Густой черный дым начинает клубиться и вползать в мое укрытие, заставляя глаза слезиться, а горло гореть. Теперь я почти ничего не вижу за столом, и мне все труднее и труднее подавлять панику и кашель, поднимающийся в горле.

Знаю, мне нужно бежать, я должна, но мои ноги не слушаются. Остаюсь в позе эмбриона, раскачиваюсь, как ребенок и натягиваю футболку на рот и нос.

Я мысленно кричу на себя, но только голос моей матери наконец приводит мою задницу в движение: «Ты собираешься весь день сидеть дома и валяться, как твой отец, или все-таки выйдешь и попытаешься кому-нибудь помочь?» Ее ругань с сегодняшнего утра звучит в моих ушах громче, чем крики горящих, пронзенных женщин и детей вокруг меня.

Я хочу помочь. Даже если сейчас и в состоянии помочь только себе.

Положив ладони на грязный пол, я медленно опускаю колени, чтобы встать на четвереньки. Я могу это сделать. Последний вдох, и выпрямившись, готовлюсь отползти в безопасное место. Сквозь дым невозможно разглядеть выход. Делаю первый шаг — и вижу два забрызганных кровью копыта, которые останавливаются прямо передо мной. Кричу — и просыпаюсь, когда мой крик замирает. И так каждое утро происходит со мной и со всеми, с тех пор, как начались ночные кошмары.

Схватив свой мобильный телефон с зарядного устройства, я задерживаю дыхание и смотрю на дату: «апрель 20».

Выдыхаю и бросаю его обратно на тумбочку. Раньше я чувствовала такое облегчение, просыпаясь от кошмара. Тогда у меня все еще была надежда, что какой-нибудь ученый где-нибудь разберется с этим. Но все на планете уже почти год видят сны о четырех всадниках апокалипсиса, наступающего 23 апреля, и у нас до сих пор нет ответов.

Уже через несколько месяцев большинство ведущих мировых исследователей либо смирились с поражением, либо умерли от сердечных приступов, либо сошли с ума от стресса в попытке разобраться с этим. С каждым днем новости становились все хуже, уровень преступности стремительно рос, и в конце концов дикторы просто перестали вести репортажи. Не имея ни ответов, ни надежды, ни, черт возьми, даже фальшивых новостей, чтобы успокоить нас, большинство людей просто смирилось с тем, что 23 апреля наступит конец света. В их числе и я.
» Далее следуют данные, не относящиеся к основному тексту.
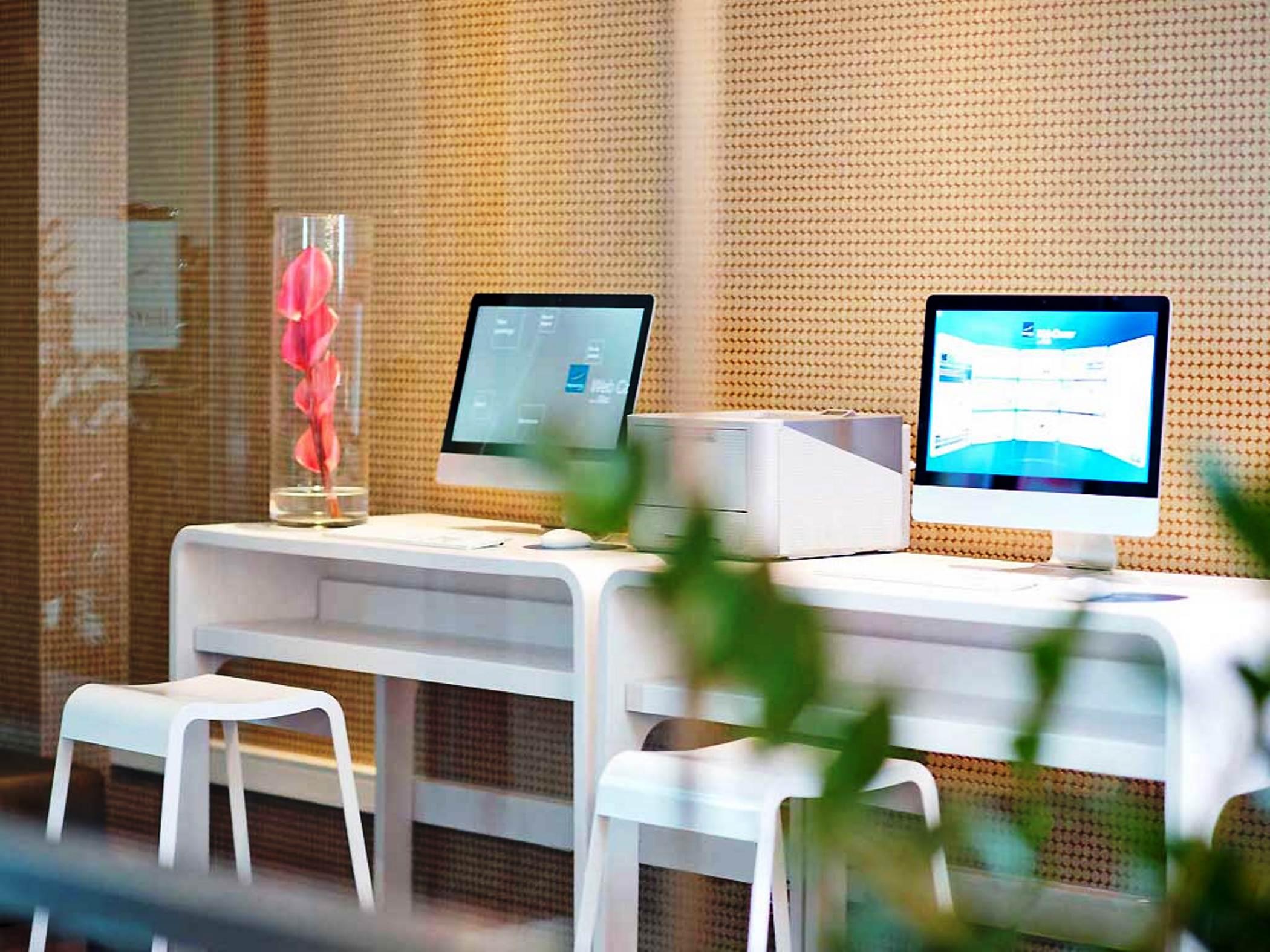 Vista Lobby Novotel Lodz Centrum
Я все еще чувствую облегчение, когда просыпаюсь от кошмара, но теперь, это только потому, что не могу дождаться, когда все закончится. Еще три дня. Я должна заниматься этим дерьмом еще только три дня. Стаскиваю себя с кровати и стону, глядя на свое отражение в зеркале ванной. Растрепанные черные волосы до подбородка обрамляют мое бледное лицо, точно так же, как вчерашняя размазанная подводка очерчивает мои запавшие голубые глаза.

Что творится с моими волосами, черт возьми? Мой взгляд скользит по грязной столешнице в поисках щетки и останавливается на длинной черной косе, все еще перевязанной резинкой, лежащей в куче, рядом с пустой бутылкой кодеинового сиропа от кашля.

Вот так, Рейн (rain — дождь). Лови кайф, срезай все волосы. Действительно оригинально.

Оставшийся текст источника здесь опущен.